Work to be completed | The copy you produce must hold every record exactly, and none of the images.

(Captioned web image data)
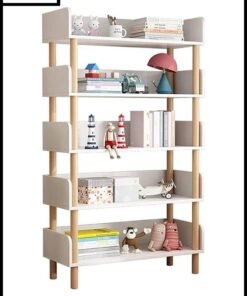 LEDIN Fashion Bookshelf Floor Living Room Wooden Cabinet Children Picture Book Simple Student Bookcase Bedroom Storage Shelf (White)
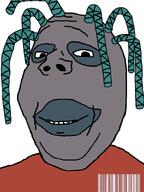 corey_taylor dreadlocks green_hair grey_skin mask metal_(music) music nu_metal red_shirt slipknot smile subvariant:wholesome_soyjak variant:gapejak // 600x800 // 45.4KB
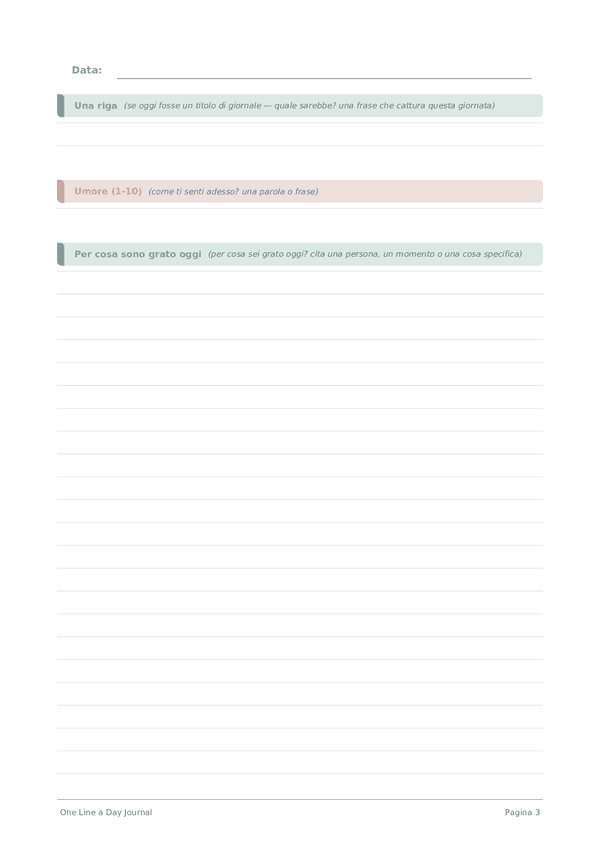 One Line a Day Journal — anteprima pagina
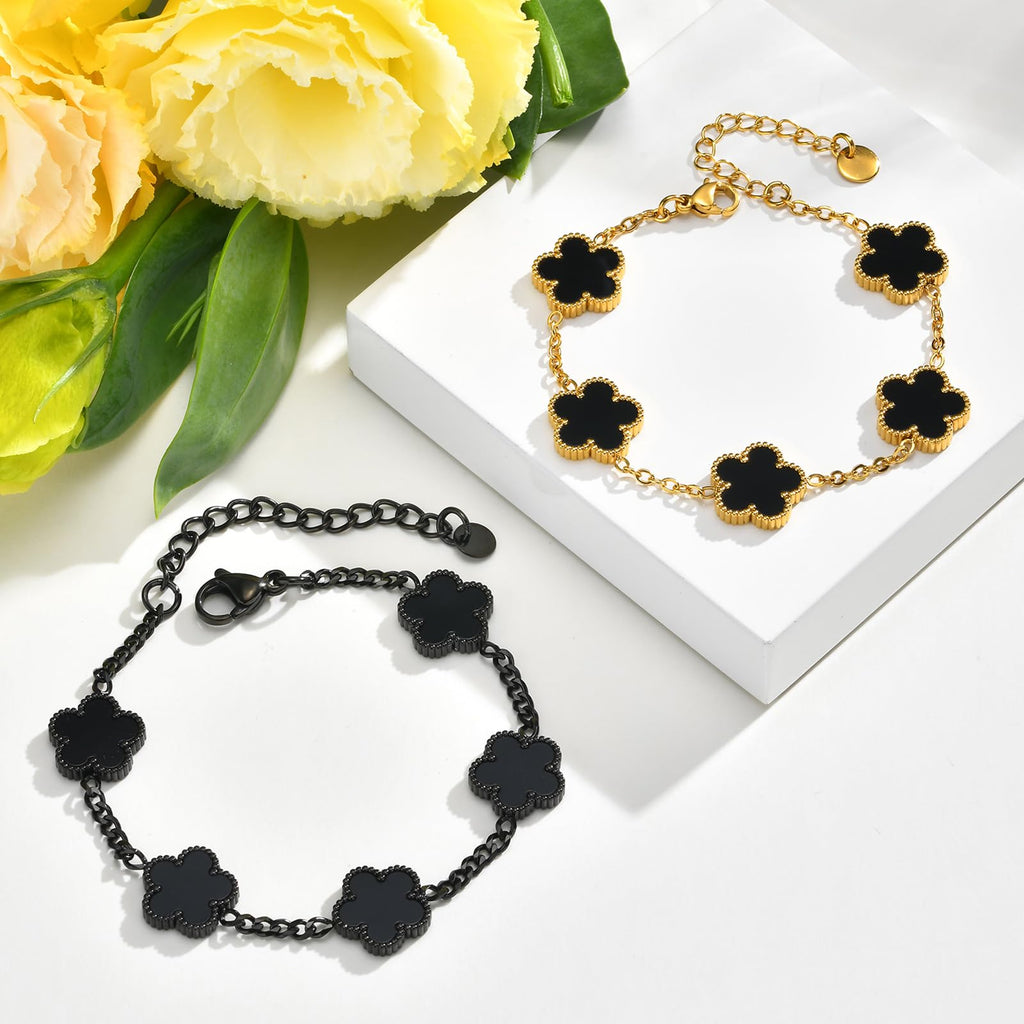VNOX 2 PCS Floral Bracelets for Men Women -Womens Mens Stainless Steel Gold Cuban Chain Link Bracelet Lucky Charm Four Clover Flower Bracelets Trendy Jewelry Gifts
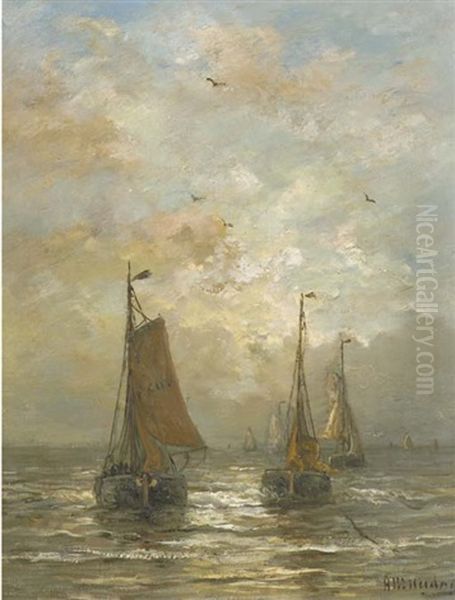 Bomschuiten Setting Out Oil Painting by Hendrik Willem Mesdag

Solution for this problem |
 LEDIN Fashion Bookshelf Floor Living Room Wooden Cabinet Children Picture Book Simple Student Bookcase Bedroom Storage Shelf (White)
 corey_taylor dreadlocks green_hair grey_skin mask metal_(music) music nu_metal red_shirt slipknot smile subvariant:wholesome_soyjak variant:gapejak // 600x800 // 45.4KB
 One Line a Day Journal — anteprima pagina
VNOX 2 PCS Floral Bracelets for Men Women -Womens Mens Stainless Steel Gold Cuban Chain Link Bracelet Lucky Charm Four Clover Flower Bracelets Trendy Jewelry Gifts
 Bomschuiten Setting Out Oil Painting by Hendrik Willem Mesdag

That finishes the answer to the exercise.